# The data
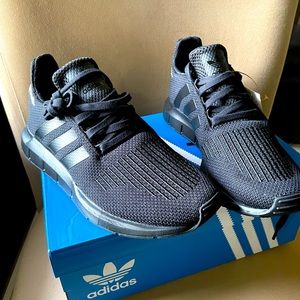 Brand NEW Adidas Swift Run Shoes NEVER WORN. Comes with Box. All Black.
--
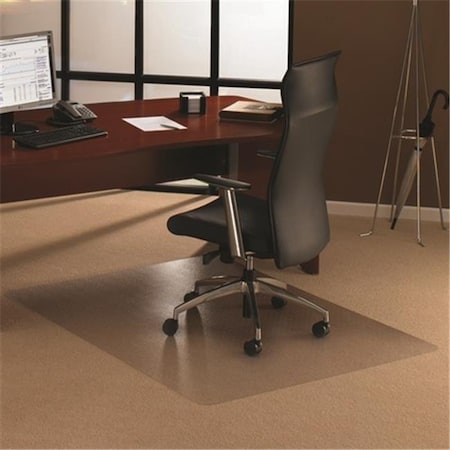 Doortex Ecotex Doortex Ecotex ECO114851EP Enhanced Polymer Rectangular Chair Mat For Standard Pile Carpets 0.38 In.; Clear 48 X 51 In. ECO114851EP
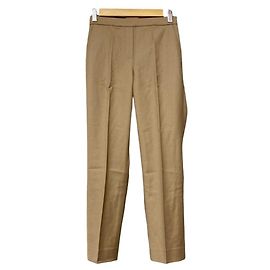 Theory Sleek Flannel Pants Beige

# Work instructions
Output exactly the lines above, from the line with "Doortex Ecotex Doortex" to the line with "Theory Sleek Flannel Pants Beige", both included; skip the pictures.

# Answer to the exercise
 Doortex Ecotex Doortex Ecotex ECO114851EP Enhanced Polymer Rectangular Chair Mat For Standard Pile Carpets 0.38 In.; Clear 48 X 51 In. ECO114851EP
 Theory Sleek Flannel Pants Beige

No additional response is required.